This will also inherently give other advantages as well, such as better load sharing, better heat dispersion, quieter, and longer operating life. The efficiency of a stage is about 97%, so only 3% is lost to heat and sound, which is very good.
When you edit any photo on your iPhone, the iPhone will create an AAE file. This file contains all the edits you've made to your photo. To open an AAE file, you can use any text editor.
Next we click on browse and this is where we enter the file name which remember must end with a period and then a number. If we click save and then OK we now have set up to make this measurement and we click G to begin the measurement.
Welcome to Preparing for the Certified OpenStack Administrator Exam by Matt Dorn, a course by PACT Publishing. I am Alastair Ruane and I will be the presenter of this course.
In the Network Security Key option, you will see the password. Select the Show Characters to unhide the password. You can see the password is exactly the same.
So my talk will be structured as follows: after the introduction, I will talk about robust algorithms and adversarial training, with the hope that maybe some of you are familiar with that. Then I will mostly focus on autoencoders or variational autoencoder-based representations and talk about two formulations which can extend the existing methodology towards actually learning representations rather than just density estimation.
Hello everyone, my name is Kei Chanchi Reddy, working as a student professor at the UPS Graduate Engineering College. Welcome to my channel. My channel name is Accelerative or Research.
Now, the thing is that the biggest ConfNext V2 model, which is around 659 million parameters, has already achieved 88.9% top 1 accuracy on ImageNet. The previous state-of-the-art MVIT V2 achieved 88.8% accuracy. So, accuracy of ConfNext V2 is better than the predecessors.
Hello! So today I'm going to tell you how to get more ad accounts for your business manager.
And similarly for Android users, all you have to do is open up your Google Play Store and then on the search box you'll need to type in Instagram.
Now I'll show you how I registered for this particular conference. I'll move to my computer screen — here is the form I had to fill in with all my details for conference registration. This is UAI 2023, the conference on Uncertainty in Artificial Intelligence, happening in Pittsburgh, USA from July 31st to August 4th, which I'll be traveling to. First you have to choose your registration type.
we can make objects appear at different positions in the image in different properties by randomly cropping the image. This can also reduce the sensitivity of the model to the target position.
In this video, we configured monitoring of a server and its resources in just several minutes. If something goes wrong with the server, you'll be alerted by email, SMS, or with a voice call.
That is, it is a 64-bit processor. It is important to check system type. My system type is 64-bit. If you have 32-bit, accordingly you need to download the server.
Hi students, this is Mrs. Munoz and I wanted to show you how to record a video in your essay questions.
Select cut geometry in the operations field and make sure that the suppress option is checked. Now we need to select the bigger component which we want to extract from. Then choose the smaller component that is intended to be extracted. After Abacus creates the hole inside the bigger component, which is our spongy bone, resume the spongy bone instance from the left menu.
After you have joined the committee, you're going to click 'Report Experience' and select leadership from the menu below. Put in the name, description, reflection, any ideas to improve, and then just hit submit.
══════════
→ WORK REQUIRED:
Copy out all of the lines above exactly.

→ RESULT BELOW:
This will also inherently give other advantages as well, such as better load sharing, better heat dispersion, quieter, and longer operating life. The efficiency of a stage is about 97%, so only 3% is lost to heat and sound, which is very good.
When you edit any photo on your iPhone, the iPhone will create an AAE file. This file contains all the edits you've made to your photo. To open an AAE file, you can use any text editor.
Next we click on browse and this is where we enter the file name which remember must end with a period and then a number. If we click save and then OK we now have set up to make this measurement and we click G to begin the measurement.
Welcome to Preparing for the Certified OpenStack Administrator Exam by Matt Dorn, a course by PACT Publishing. I am Alastair Ruane and I will be the presenter of this course.
In the Network Security Key option, you will see the password. Select the Show Characters to unhide the password. You can see the password is exactly the same.
So my talk will be structured as follows: after the introduction, I will talk about robust algorithms and adversarial training, with the hope that maybe some of you are familiar with that. Then I will mostly focus on autoencoders or variational autoencoder-based representations and talk about two formulations which can extend the existing methodology towards actually learning representations rather than just density estimation.
Hello everyone, my name is Kei Chanchi Reddy, working as a student professor at the UPS Graduate Engineering College. Welcome to my channel. My channel name is Accelerative or Research.
Now, the thing is that the biggest ConfNext V2 model, which is around 659 million parameters, has already achieved 88.9% top 1 accuracy on ImageNet. The previous state-of-the-art MVIT V2 achieved 88.8% accuracy. So, accuracy of ConfNext V2 is better than the predecessors.
Hello! So today I'm going to tell you how to get more ad accounts for your business manager.
And similarly for Android users, all you have to do is open up your Google Play Store and then on the search box you'll need to type in Instagram.
Now I'll show you how I registered for this particular conference. I'll move to my computer screen — here is the form I had to fill in with all my details for conference registration. This is UAI 2023, the conference on Uncertainty in Artificial Intelligence, happening in Pittsburgh, USA from July 31st to August 4th, which I'll be traveling to. First you have to choose your registration type.
we can make objects appear at different positions in the image in different properties by randomly cropping the image. This can also reduce the sensitivity of the model to the target position.
In this video, we configured monitoring of a server and its resources in just several minutes. If something goes wrong with the server, you'll be alerted by email, SMS, or with a voice call.
That is, it is a 64-bit processor. It is important to check system type. My system type is 64-bit. If you have 32-bit, accordingly you need to download the server.
Hi students, this is Mrs. Munoz and I wanted to show you how to record a video in your essay questions.
Select cut geometry in the operations field and make sure that the suppress option is checked. Now we need to select the bigger component which we want to extract from. Then choose the smaller component that is intended to be extracted. After Abacus creates the hole inside the bigger component, which is our spongy bone, resume the spongy bone instance from the left menu.
After you have joined the committee, you're going to click 'Report Experience' and select leadership from the menu below. Put in the name, description, reflection, any ideas to improve, and then just hit submit.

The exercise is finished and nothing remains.